Treatment step can not be completely removed, especially inorganic components

- Contain substances that lead to cracks in the layer during the thermal treatment.

The object of the present invention was therefore a dispersion

to provide that avoids these disadvantages. Another object of the invention was to provide a process for producing this dispersion.

The invention relates to a dispersion containing metal oxide particles, in which

a) the metal oxide particles

a1) are selected from one or more oxides of the group

consisting of titanium dioxide, cerium oxide, zinc oxide and zirconium dioxide,

a2) in a proportion of at least 25% by weight, preferably 25 to 50

Wt .-%, particularly preferably 30 to 40 wt .-%, in the dispersion,

a3) have an average aggregate diameter of 20 to 120 nm, preferably 30 to 100 nm, more preferably 40 to 90 nm, and b) the liquid phase

b1) 90 to 99.5 wt .-%, preferably 95 to 99 wt .-%, of one or more alkanols C _n H _{2n +} iOH with

n = 2 to 4, b2) from 0.5 to 10% by weight, preferably from 1 to 5% by weight, of one or more α, β-unsaturated alkylcarboxylic acids having 4 to 12 C atoms,

b3) 0 to 2% by weight of one or more alkanediols HO (CH ₂ ) _x OH where x = 2 to 4, preferably x = 2,

b4) at most 5% by weight, preferably less than 1% by weight of water and b5) at most 2% by weight, preferably less than 1% by weight, in each case in

Sum of dispersing additives selected from the group consisting of polyoxyethylenated alkyl ether phosphates, polyoxyethylenated aryl ether phosphates; Alkylolammonium salts of block copolymers with acidic groups; Polyalkylene glycols, polyalkyleneimines,

Contains polyalkylene alcohols.

The metal oxide particles of the present invention are preferably aggregated primary particles whose surfaces have hydroxyl groups and which are largely free from micropores. The BET surface area of these particles is generally between 20 and 200 m ² / g, with values between 40 and 100 m ² / g being particularly preferred. Such aggregated primary particles can be obtained by pyrogenic methods such as flame hydrolysis or flame oxidation. Pyrogenic

Metal oxide particles in the context of the invention also include doped particles. Particularly suitable as doping component are the oxides of aluminum or silicon. The proportion of doping component, based on the doped

Metal oxide particles can be between 10 ppm and 5 wt .-%.

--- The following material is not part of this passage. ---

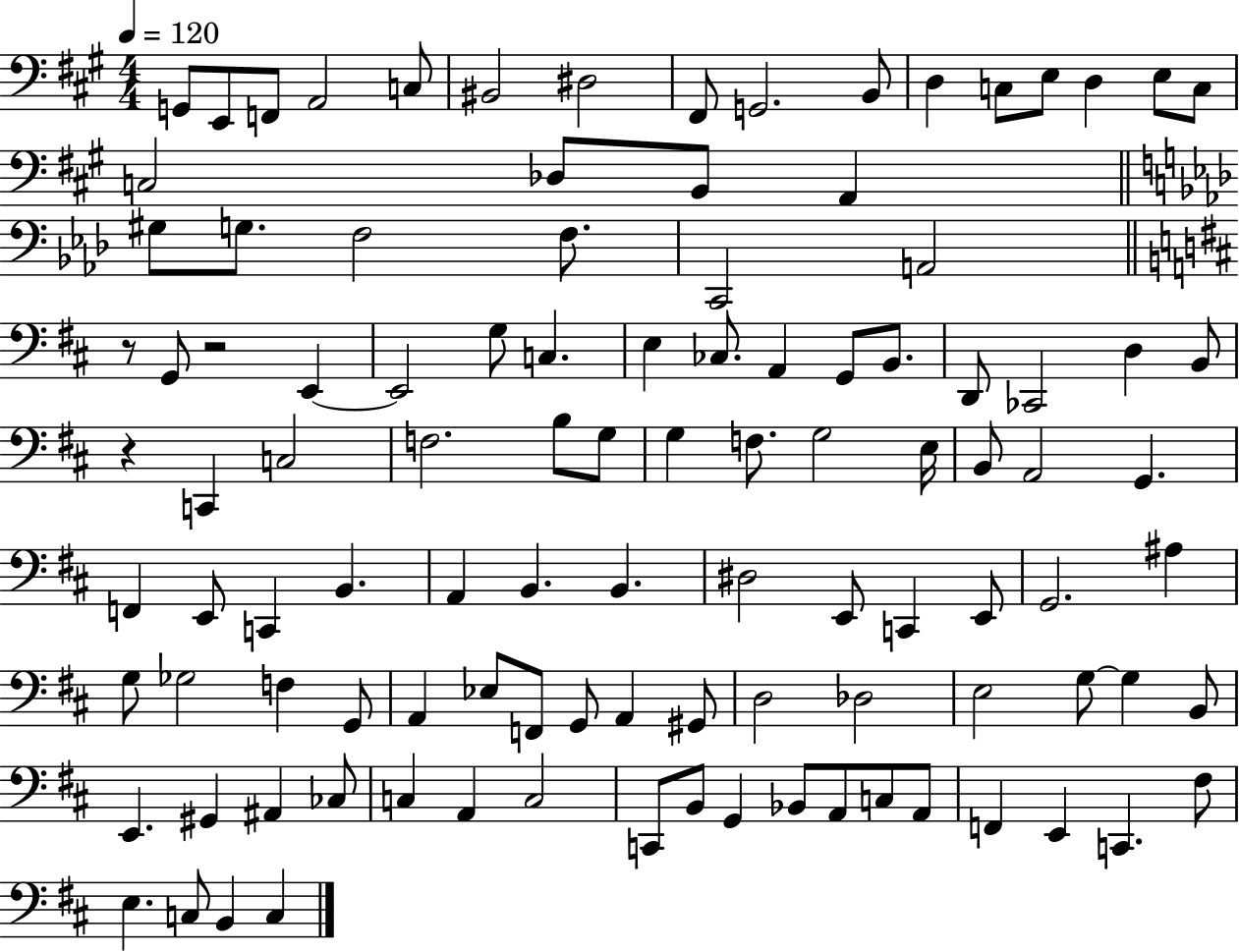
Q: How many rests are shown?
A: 3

Titanium dioxide particles are preferred. Are commercially available, for example, ^® AEROXIDE _TiO2 P25 having a BET surface area of about 50 m ² / g and

AEROXIDE ^® TiO ₂ P90 with a BET surface area of approx. 90 m ² / g, both Evonik Degussa.

The titanium dioxide particles present in the dispersion according to the invention can be present in the rutile or anatase form or as a mixture of the two forms. When using pyrogenically prepared titanium dioxide powder, rutile and anatase modification are generally present. The anatase / rutile content can be in range from 2:98 to 98: 2. Most preferably, the range can be from 70:30 to 95: 5.

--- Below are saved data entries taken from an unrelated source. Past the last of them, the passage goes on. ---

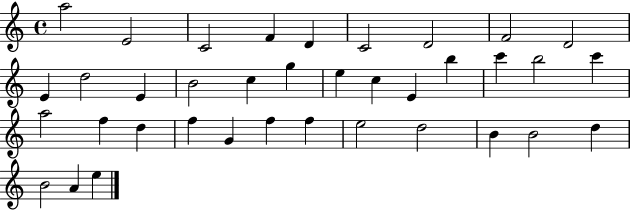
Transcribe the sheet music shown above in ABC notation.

X:1
T:Untitled
M:4/4
L:1/4
K:C
a2 E2 C2 F D C2 D2 F2 D2 E d2 E B2 c g e c E b c' b2 c' a2 f d f G f f e2 d2 B B2 d B2 A e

The dispersion according to the invention may also contain cerium oxide particles, preferably pyrogenically prepared cerium oxide particles. Particularly preferred may be the ceria particles disclosed in EP-A-1757560 which have carbonate groups on their surface and in a near-surface layer.

The average aggregate diameter of the metal oxide particles is 20 to 120 nm, preferably 30 to 100 nm and particularly preferably 40 to 90 nm. The values are determined by dynamic light scattering, for example by means of

Zetasizer ^® 3000 HS from Malvern Instruments is determined. In a particular embodiment of the invention, the dispersion contains no particles with a diameter of more than 200 nm, determined for example by means of

AccuSizer ^®, Gainco, Inc ..

The main constituent of the liquid phase is one or more alkanols C _n H _2n + iOH with n = 2 to 4. Preferred is an embodiment in which at least 90% by volume, more preferably an embodiment in which at least 99% by volume of the Alkanoles is isopropanol or the alkanol is exclusively ispropanol.

As a further constituent, the liquid phase contains one or more α, β-unsaturated carboxylic acids having 4 to 12 C atoms. They are completely soluble in the stated concentrations of 0.5 to 10 wt .-% at room temperature (23 ° C) in the liquid phase of the dispersion. An α, β-unsaturated carboxylic acid is to be understood as meaning a carboxylic acid with the unit C =C-CO ₂ H. The α, β-unsaturated carboxylic acid may be monounsaturated or polyunsaturated. For a multiple α, β-unsaturated carboxylic acid, the additional multiple bond may be in conjugation to the C = C-CO ₂ H moiety. The alkyl chain of the α, β-unsaturated carboxylic acids may be linear or branched. It can be a monocarboxylic acid or dicarboxylic acid. The α, β-unsaturated carboxylic acid contains no further functional group, such as a hydroxy, alkoxy or amino group. It was found, that α, β-unsaturated carboxylic acids with trans-configured double bonds provide the best results in terms of sedimentation stability and viscosity. Particularly preferred may be trans-2-hexenoic acid and sorbic acid. Very particular preference is given to sorbic acid. With dispersions containing sorbic acid, a weight ratio of metal oxide particles / sorbic acid 20: 1 to 40: 1 has proved to be ideal.

Besides the essential ingredients alkanol and a, ß-unsaturated

Carboxylic acids, the liquid phase of the dispersion 0 to 2 wt .-% of one or more alkanediols of the general formula HO (CH ₂ ) _x OH with x = 2 to 4, preferably x = 2, included. The alkanediols can improve the physico-chemical properties with the addition of said small amounts. In the event that the dispersion of the invention contains alkanediols, their proportion is preferably 0.01 to 1 wt .-% and particularly preferably 0.1 to 0.5 wt .-%, each based on the liquid phase.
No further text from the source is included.